Davis and Wallace have, in turn, opened up the floor for Whiteside, who last season hit .319 (29-for-91) from three, third on the team.

Wholey recruited Whiteside when he was an assistant at Memphis and she was a senior at Memphis Central High School. He believes that being something of a forgotten option can be advantageous.

“If people are going to help and rotate off of her then she’s going to make them pay and bury the shot,” he said. “If people are really going to pressure her and try to take away stuff she’s a very unselfish player who will make the extra pass or penetrate. She can create a shot for her teammates.”

The improved perimeter game and the attention that must be paid to it, has opened the floor for Ty Marshall and bigs, Roddreka Rogers and Nariah Taylor.

“Us hitting shots makes it easier on everybody,” said Davis. “If we hit shots it opens things up for Aaliyah, Ty, and Dawnn [Maye]. It just works for everyone.”

“With the wings that we have and the bigs that we have, with Ty, it’s a really positive thing,” said Wallace. “Ty’s done a great job of attacking and helping us. In my opinion I think that this is one of the most balanced teams that we’ve had since I’ve been here.”

It’s also a group that loves to compete. Davis and Wallace, especially, have been as fun to watch in practice as in games. Wholey recalled one particular drill that would have been worth paying to see.

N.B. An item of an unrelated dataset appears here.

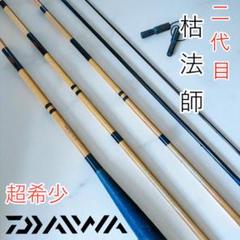 ダイワ　旋　へら竿　ヘラブナ竿　4本セット DAIWA（釣り） ダイワ へら竿 ヘラX 18・Y : つり具の銭屋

“We have a drill we call `Volume Shooting,'” he said. “They shoot 60 threes. Kaela was at one end, Sydney was at the other. Kaela went 50 for 60 and Sydney went 49 for 60.”

There is a lot to live up to and to return to. There is the 20-win seasons — Tech is already a third of the way there after dumping Illinois — and a return to the NCAAs following last year’s hiccup. Any way to make things fun while also getting better and getting each other is a good way.

“It’s really competitive,” said Davis, with a laugh. “Obviously it’s a fun competition but they keep a board and stuff in the locker room so they keep track of who’s doing what. So it’s a fun competition for everybody.”

“Competition is always good because it helps push you, motivate you and it gets you better in the long run,” said Wallace.